• STORED DATA:
============================================================
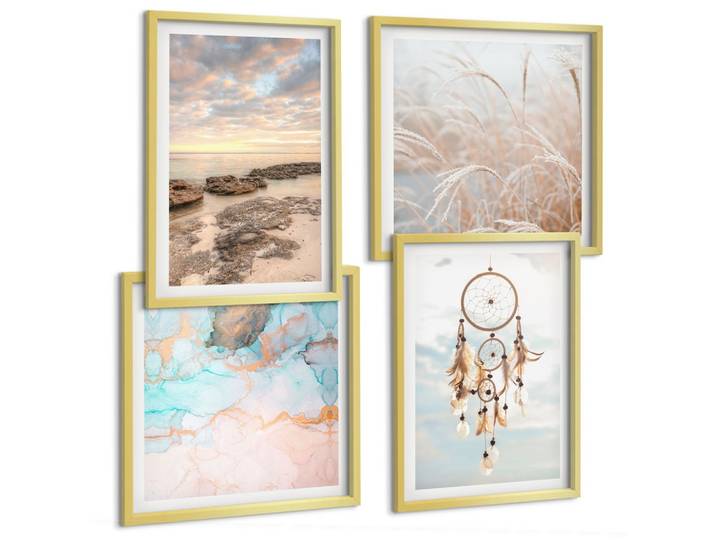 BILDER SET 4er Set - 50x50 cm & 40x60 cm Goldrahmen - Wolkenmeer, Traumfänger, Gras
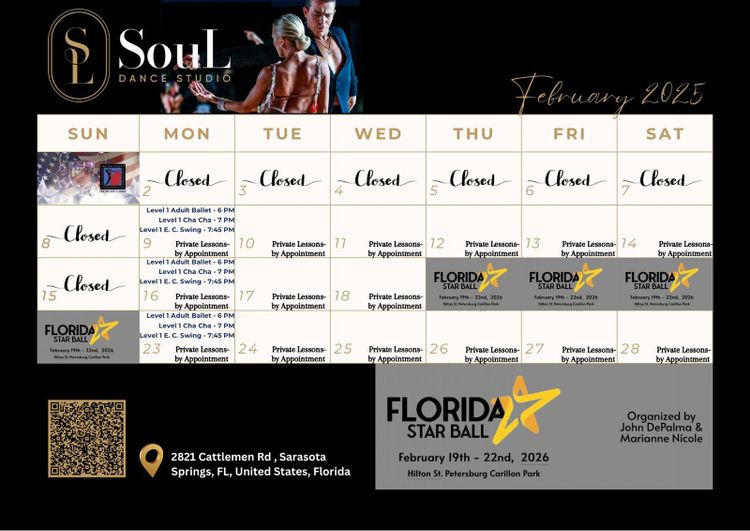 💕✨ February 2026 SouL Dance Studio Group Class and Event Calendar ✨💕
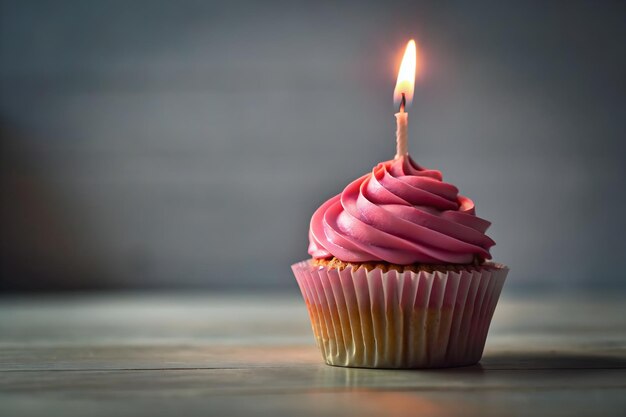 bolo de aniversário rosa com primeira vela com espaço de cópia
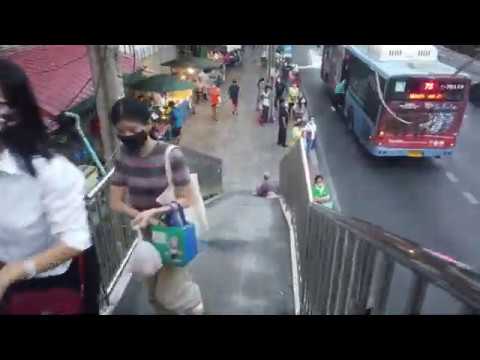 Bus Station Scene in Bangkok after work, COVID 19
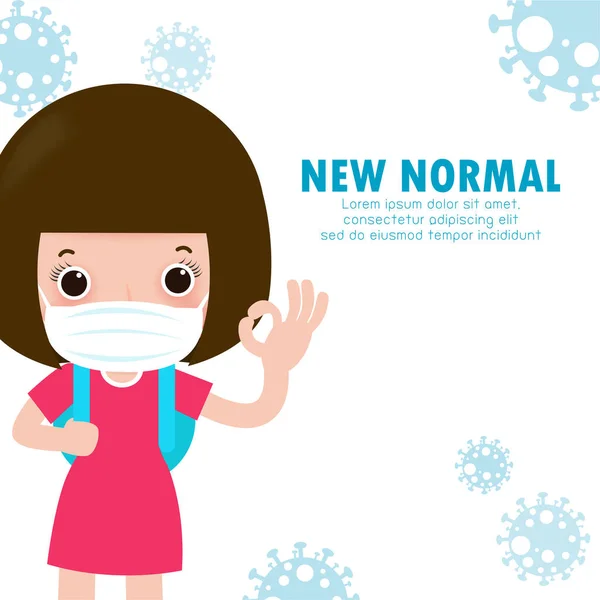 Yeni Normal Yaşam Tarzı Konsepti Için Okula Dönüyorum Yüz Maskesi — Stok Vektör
============================================================
• WORK INSTRUCTIONS:
Print the material above verbatim, no images.

• SOLUTION FOR THIS TASK:
 BILDER SET 4er Set - 50x50 cm & 40x60 cm Goldrahmen - Wolkenmeer, Traumfänger, Gras
 💕✨ February 2026 SouL Dance Studio Group Class and Event Calendar ✨💕
 bolo de aniversário rosa com primeira vela com espaço de cópia
 Bus Station Scene in Bangkok after work, COVID 19
 Yeni Normal Yaşam Tarzı Konsepti Için Okula Dönüyorum Yüz Maskesi — Stok Vektör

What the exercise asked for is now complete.